Residents in Connecticut were confronted with the reality that their constitutionally protected rights are not inalienable as they stood in long lines to register their firearms. The registration is mandated by the state’s new gun law set to go into effect on January 1, 2014.
According to WFSB-TV, there was a “long-line of people” outside the Public Safety Building in Middletown, Connecticut all day December 26 to register their semi-authomatic rifles and high-capacity magazines.
Talking Points Memo reports, “Under a wide-ranging gun control law, passed earlier this year in the wake of the Sandy Hook Elementary School mass shooting in Newtown, gun owners have until Tuesday to submit the paperwork.” The new law also prohibits the sale of magazines that hold more than 10 rounds of ammunition.
Once registered, the large-capacity magazines can be kept at owners' homes, or taken to licensed shooting ranges or gun clubs where they may be filled.
The law also creates a statewide registry that tracks parolees whose crimes involved weapons, USA Today reports.

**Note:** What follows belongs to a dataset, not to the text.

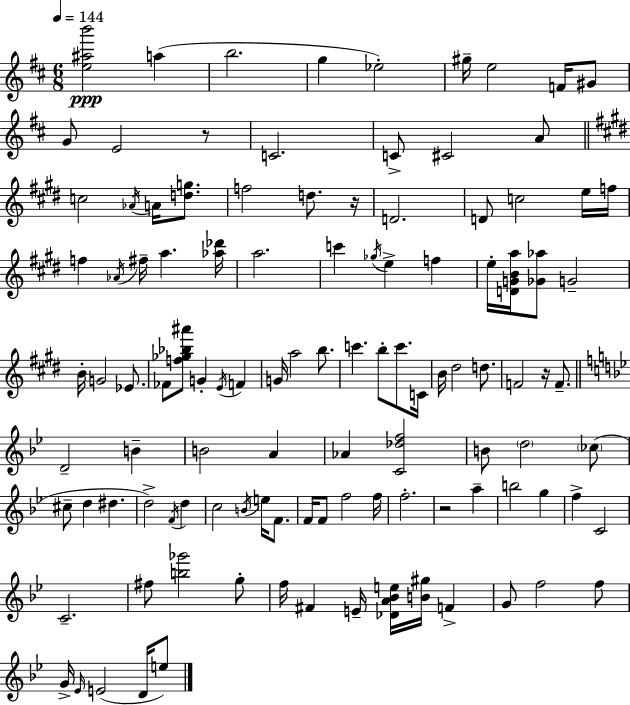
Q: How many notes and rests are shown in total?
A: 111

The mass numbers reporting to the headquarters of the Department of Emergency Services and Public Protection (DESPP) in the final days of 2013 was predicted by Governor Dannel Malloy’s Undersecretary for Criminal Justice Michael Lawlor.
"It sounds like a lot of these folks were holding off on doing it in anticipation of a potential decision or something," Lawlor observed, referring to pending legal challenges to the state law over the law’s expansions of the definition of assault weapons in Connecticut to include more banned weapons. “One thing is clear,” he added, “If you haven’t registered it, on the following day, it is completely illegal contraband.”
Though most were complacent over the new law, some were overheard complaining that it trampled on their rights.
“I understand why they’re doing it, but I don’t think it’s constitutional,” resident Scott Boccio told WFSB-TV as he was registering his guns.
Charles Gillette, who was registering magazines, told the news station that he would have a problem with it if the state were trying to ban the magazines or firearms, but added, “If they want to just know where they are, that’s fine with me.”
Still, even as most of those registering their firearms seemed to accept the new mandate, most did not seem confident that the law will serve to reduce gun violence.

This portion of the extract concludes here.